Günstig ist die gemeinsame Befragung beider Elternteile, weil so Gemeinsamkeiten und Unterschiede in der Bewertung des Kindes und seines Problemverhaltens sowie anderer familiärer Bedingungen deutlich werden können. Das Kind/der Jugendliche wird ebenfalls ausführlich befragt, sinnvoll ist es nach Auffassung erfahrener Ärzte, nach einer kurzen gemeinsamen Exploration Eltern und Kind getrennt zu befragen. Die Befragung der Eltern dauert oft ein bis zwei Stunden, wichtig sind Informationen zu folgenden Komplexen:

  1. Hyperkinetische Symptomatik
  2. Psychische/psychiatrische Begleiterscheinungen (Komorbidität)
  3. Differentialdiagnose
  4. Stärken und Interessen des Kindes/ Jugendlichen
  5. Störungsspezifische Entwicklungsgeschichte des Kindes/ Jugendlichen
  6. Medizinische Anamnese
  7. Familienanamnese
  8. Bedingungen im Kindergarten/ in der Schule und in der Gleichaltrigengruppe
  9. Therapie
Verhaltensbeobachtung des Kindes oder Jugendlichen

Je älter das Kind ist, umso stärker wird es in die Befragung einbezogen.
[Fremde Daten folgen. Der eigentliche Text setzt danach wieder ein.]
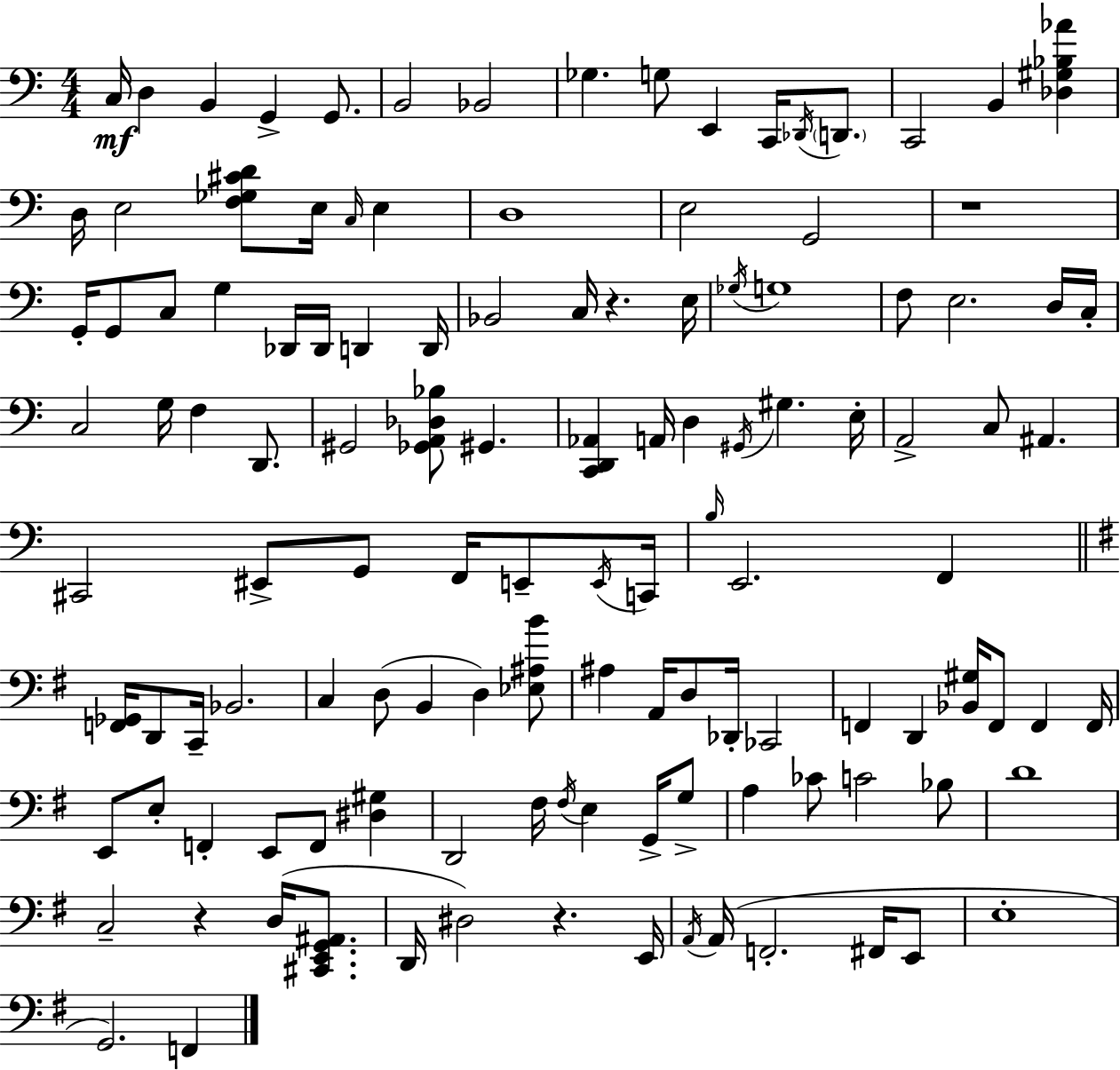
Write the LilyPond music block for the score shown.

{
  \clef bass
  \numericTimeSignature
  \time 4/4
  \key a \minor
  \repeat volta 2 { c16\mf d4 b,4 g,4-> g,8. | b,2 bes,2 | ges4. g8 e,4 c,16 \acciaccatura { des,16 } \parenthesize d,8. | c,2 b,4 <des gis bes aes'>4 | \break d16 e2 <f ges cis' d'>8 e16 \grace { c16 } e4 | d1 | e2 g,2 | r1 | \break g,16-. g,8 c8 g4 des,16 des,16 d,4 | d,16 bes,2 c16 r4. | e16 \acciaccatura { ges16 } g1 | f8 e2. | \break d16 c16-. c2 g16 f4 | d,8. gis,2 <ges, a, des bes>8 gis,4. | <c, d, aes,>4 a,16 d4 \acciaccatura { gis,16 } gis4. | e16-. a,2-> c8 ais,4. | \break cis,2 eis,8-> g,8 | f,16 e,8-- \acciaccatura { e,16 } c,16 \grace { b16 } e,2. | f,4 \bar "||" \break \key e \minor <f, ges,>16 d,8 c,16-- bes,2. | c4 d8( b,4 d4) <ees ais b'>8 | ais4 a,16 d8 des,16-. ces,2 | f,4 d,4 <bes, gis>16 f,8 f,4 f,16 | \break e,8 e8-. f,4-. e,8 f,8 <dis gis>4 | d,2 fis16 \acciaccatura { fis16 } e4 g,16-> g8-> | a4 ces'8 c'2 bes8 | d'1 | \break c2-- r4 d16( <cis, e, g, ais,>8. | d,16 dis2) r4. | e,16 \acciaccatura { a,16 } a,16( f,2.-. fis,16 | e,8 e1-. | \break g,2.) f,4 | } \bar "|."
} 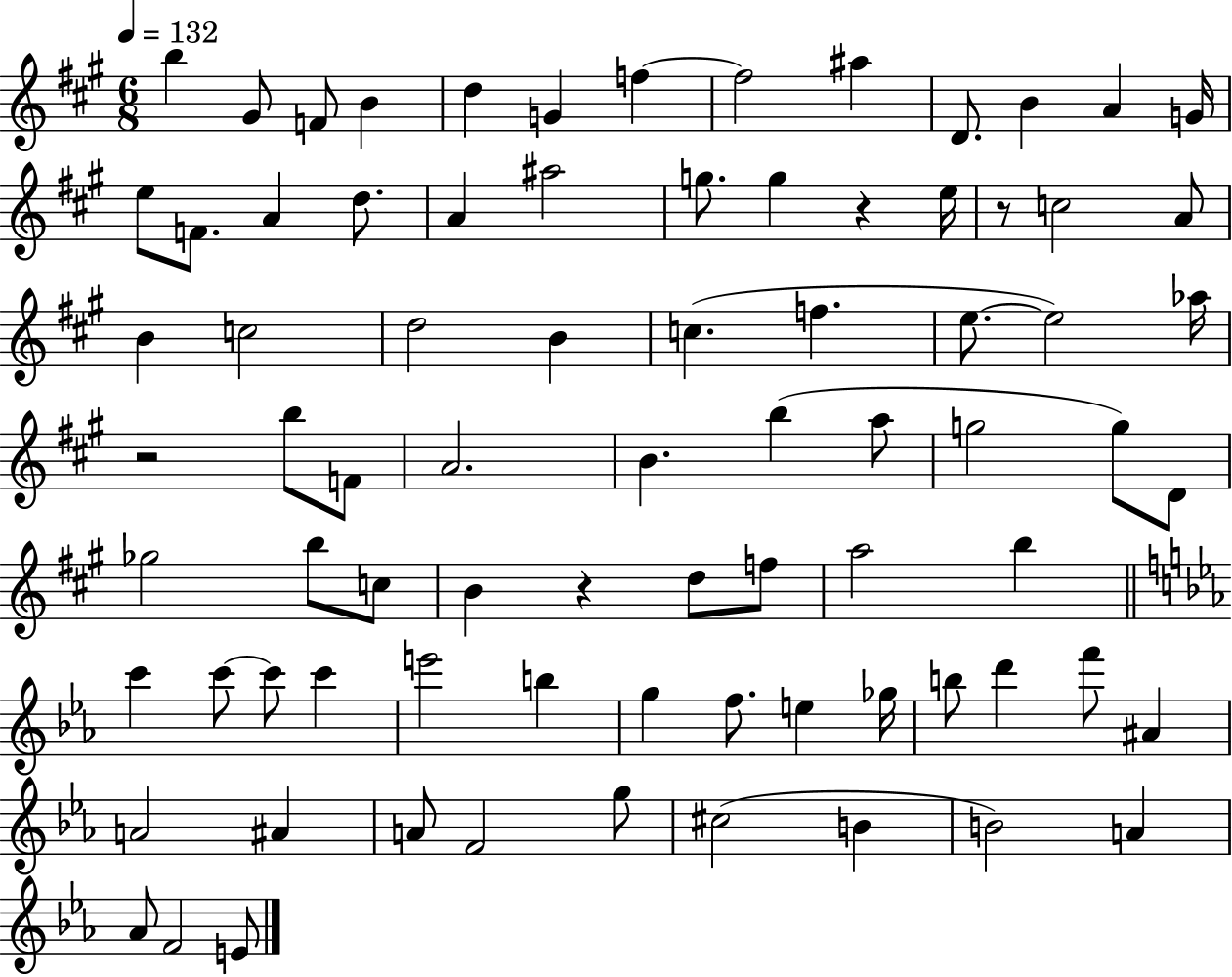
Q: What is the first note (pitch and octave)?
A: B5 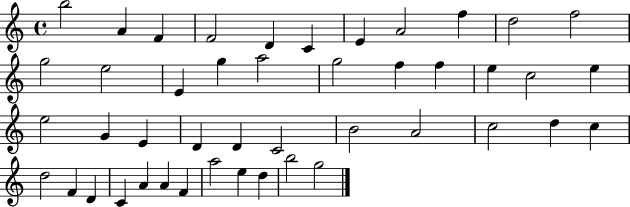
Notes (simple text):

B5/h A4/q F4/q F4/h D4/q C4/q E4/q A4/h F5/q D5/h F5/h G5/h E5/h E4/q G5/q A5/h G5/h F5/q F5/q E5/q C5/h E5/q E5/h G4/q E4/q D4/q D4/q C4/h B4/h A4/h C5/h D5/q C5/q D5/h F4/q D4/q C4/q A4/q A4/q F4/q A5/h E5/q D5/q B5/h G5/h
Zu bedenken ist aber die oftmals beeinträchtigte Selbstwahrnehmung, die die Zuverlässigkeit von Informationen in Frage stellen kann. Das Kind oder der Jugendliche werden zusätzlich hinsichtlich des Auftretens hyperkinetischer Symptomatik beobachtet.

Schulberichte und Zeugnisgutachten

Mit Einverständnis der Eltern werden Informationen vom Kindergarten oder von der Schule eingeholt (telefonisch, direkter Kontakt, Berichte oder Fragebogen). Dabei geht es um das Auftreten der Leitsymptome und ihre Häufigkeit, Intensität und Unterschiedlichkeit in verschiedenen Alltagssituationen. Soweit Erzieher oder Lehrer dies abschätzen können, können auch ihre Aussagen zum Störungsverlauf wichtig sein. Außerdem werden ihre Informationen im Hinblick auf psychische beziehungsweise psychiatrische Begleitstörungen ausgewertet.

Schulempfehlungen, Schulberichte und Wortgutachten in den Zeugnissen haben für die Diagnostik eine sehr hohe Bedeutung, so lässt sich zum Beispiel anhand der Zeugnisbeurteilungen oft gut die Entwicklung des Kindes ablesen.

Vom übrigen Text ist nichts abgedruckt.